How do the lines read from the one holding "Mocassins pour hommes" through the last line of the listing? Set them down exactly, pictures omitted.

__DATA SECTION__:
<<<<
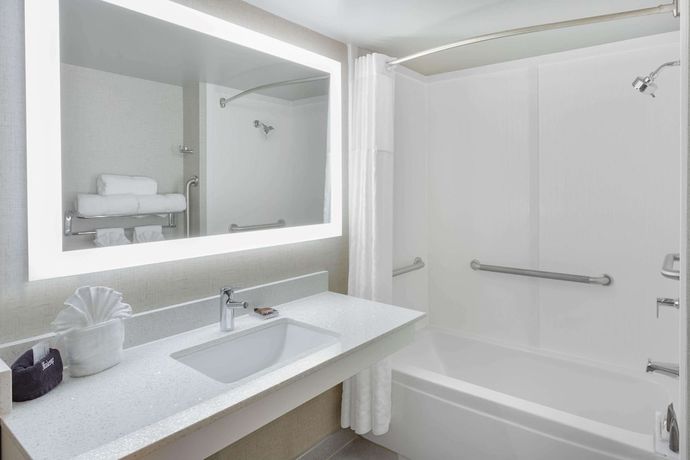 Imagen de la habitación del Hotel Wingate by Wyndham Tinley Park. Foto 6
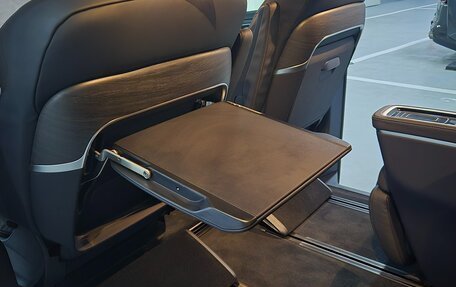 Mercedes-Benz V-Класс, 2025 год, 15 500 000 рублей, 16 фотография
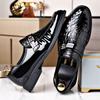 Mocassins pour hommes style britannique formel chaussures pour hommes nouveau cuir brillant couvrant le pied tendance chaussures en cuir décontractées business pour hommes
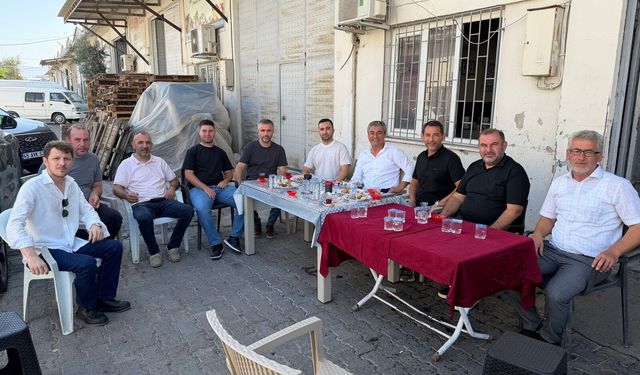 Oktay Dağlı Zeytin Borsası Esnafını Dinledi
>>>>
__REPLY__:
 Mocassins pour hommes style britannique formel chaussures pour hommes nouveau cuir brillant couvrant le pied tendance chaussures en cuir décontractées business pour hommes
 Oktay Dağlı Zeytin Borsası Esnafını Dinledi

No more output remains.